For Trivikrama Mahadeva, living with the dead is not unusual. The 56-year-old learnt about death, loss and grief when his mother died after a prolonged illness when he was very young. He was lost, but an unknown person helped him bid a respectful farewell to her by burying her. A simple, yet touching, gesture by Krishnappa taught Mahadeva to be friends with the souls and not bodies. A firm believer in karma, Mahadeva thinks he is the ‘chosen one’, the one who becomes an integral part of someone’s last journey. “I am guided and shielded by their souls,” says Mahadeva.
When someone dies in a road accident and no one claims the body, Mahadeva takes charge as the head of the family and performs the last rights. “The dead need not to be a blood relative, a distant relative or even an acquaintance. A child, a woman or a man, who dies in an accident, would have been part of someone’s family,” he philosophises. Mahadeva, who believes that everyone deserves a decent burial, has so far buried over 88,888 unclaimed bodies in the city. Worried about not having enough burial grounds in the city, he, his son Praveen and four others have formed the Trivikrama Mahadeva Seva Trust to build burial grounds in the city and to give decent burials to all such unclaimed bodies.

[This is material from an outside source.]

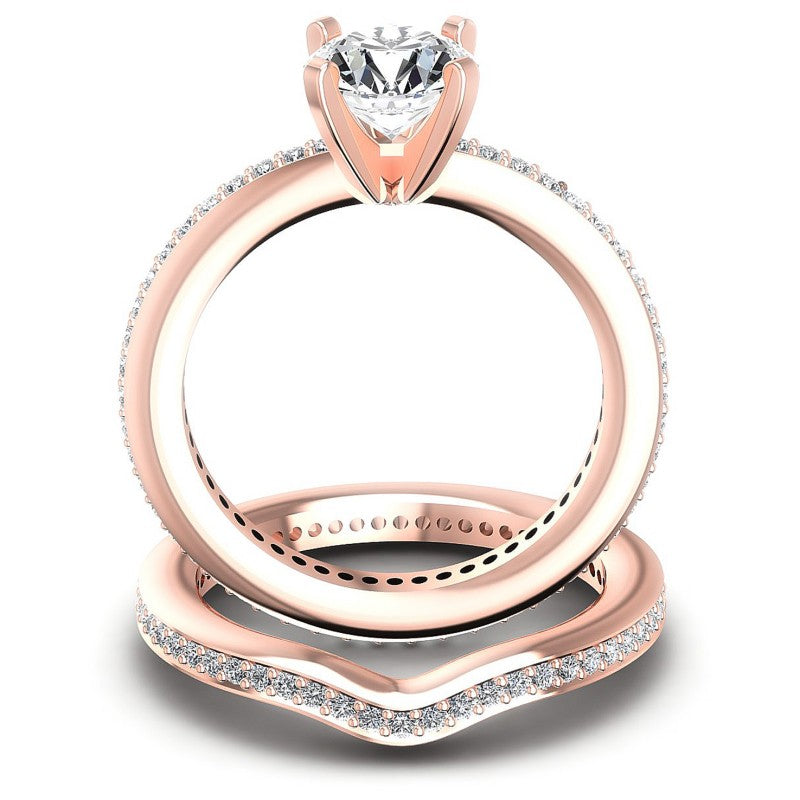 Round Diamonds 1.15CT Bridal Set in 18KT Yellow Gold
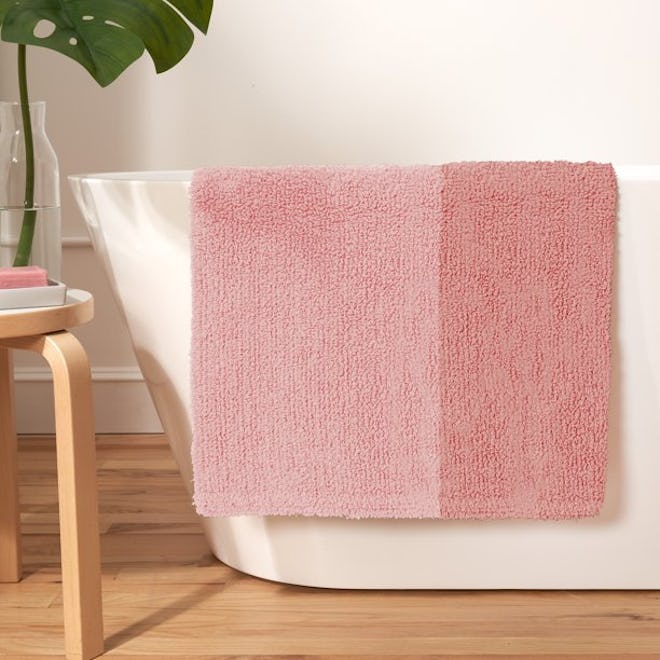 Color Block Reversible Cotton Bath Rug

“All bodies should be treated equally… even if they are decomposed or in bad condition. They deserve respect and should be buried with dignity. Everyone is a God’s child. If no one comes forward to claim the bodies, I take the responsibility and give them a proper burial,” he says with humility. He said, “There are times when we have buried seven to eight bodies in one grave because of shortage of burial grounds. People see them as dead bodies and look down on them. But for us, dignity of the dead is more important. We don’t even wear gloves while burying such bodies, as we feel it is disrespectful,” he said.
For his unique service, Mahadeva has received several awards and has even been felicitated by the then President Dr A.P.J. Abdul Kalam in Mumbai. He first buried an unclaimed body in 1971. Initially, he used carts to transport bodies, and later bought a horse carriage. He now has a Maruti Omni to ferry bodies. He lives with his wife and two sons, Praveen Kumar and Kiran Kumar. Praveen, 30, completed his masters in social work in 2010 and since then, he has been helping his father as a full-time job. He started when he was in seventh standard, and claims to have buried over 20,000 such bodies in the city.

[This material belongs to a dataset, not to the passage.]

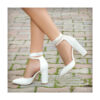 White Ankle Strap High Heels RA-040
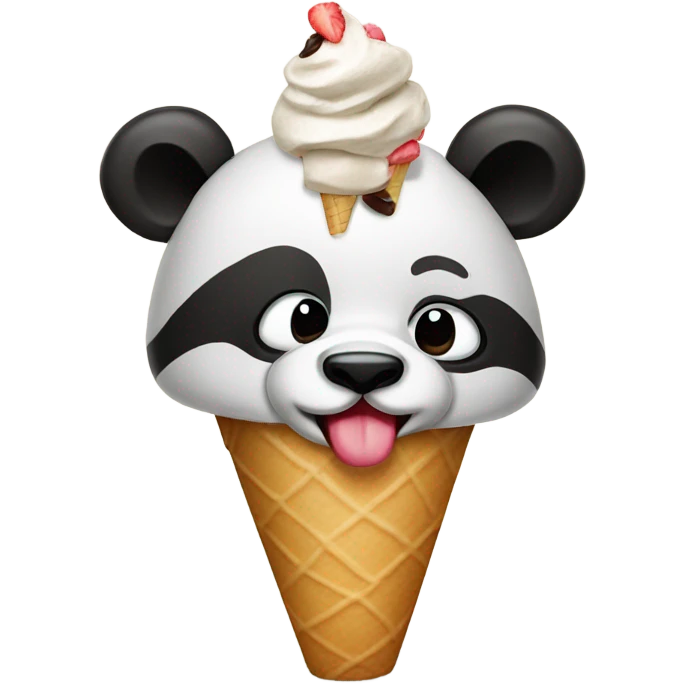  Ice cream eating panda  emoji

Praveen said, “I respect my job and want to follow in my father’s footsteps.” Kiran, the younger son, who is studying in first PU, too helps his father during weekends and sometimes after college hours. “The souls of the bodies we have buried so far are protecting us and keeping us safe,” Praveen said. The Trust was registered in March this year. Mahadeva is the founder-president, while Praveen, Harsha, Mala, Sonal and Keshav are members. It is managed by Harsha, who is a social worker and an MBA graduate from London University. Mahadeva said that Harsha, after hearing about him and his service, contacted him and extended help. “He has been working with us for the past five years,” he said. “It has not been easy. I have gone on despite difficulties. There were times when I had to pawn gold medals and awards I received for my children's education,” he said.